The number of foreign investment groups active in the Australian commercial property market hit a record 87 in 2016, up from a mere 7 recorded in 2006, according to analysis from global property consultancy JLL.
The data shows that investors from US, Singapore and China dominated the country’s major commercial sales in 2016, accounting for 40 percent, 23 percent and 16 percent respectively.
Just last week Shanghai United Real Estate, a mainland private equity firm set up by a group of ten Chinese property investors and developers, agreed to acquire the InterContinental Double Bay hotel in Sydney from the Singaporean real estate firm Royal Group for around A$140 million ($104.3 million; €93.3 million).
Overseas investors have acquired A$26.6 billion of Australian commercial property on a net basis over the last 10 years with office as the most popular asset class.
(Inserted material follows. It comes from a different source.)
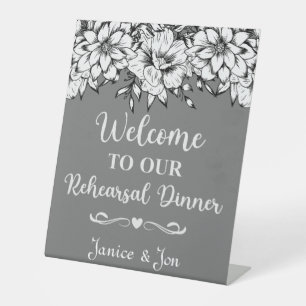 Welcome to Our Rehearsal Dinner Dark Floral Pedestal Sign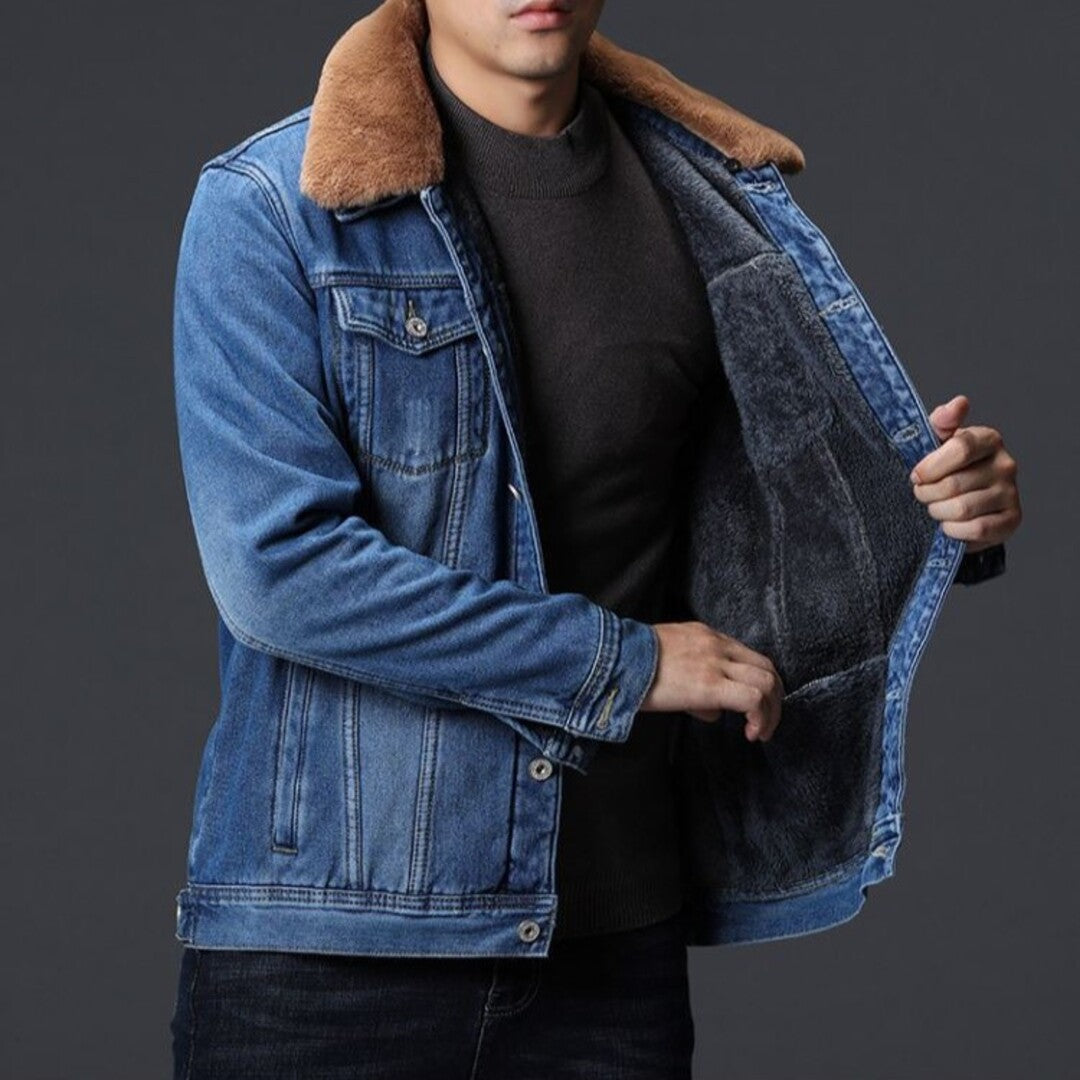 Fleece-denimjacka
“The proportion of office acquisitions by offshore capital sources has steadily increased post the financial crisis in 2007 and reached an all-time high of 52 percent in 2015 before easing back to A$5.8 billion or 42 percent in 2016,” said Simon Storry, head of international investments for JLL in Australia, on the firm’s website.
Australia’s major markets, Sydney and Melbourne, have been dubbed high growth by JLL, while Brisbane and Perth are offering counter-cyclical opportunities.
In April, Savills Investment Management, the real estate investment management business of the London-listed property services firm Savills, completed its first Australian acquisitions of close to A$90 million in Perth and Brisbane.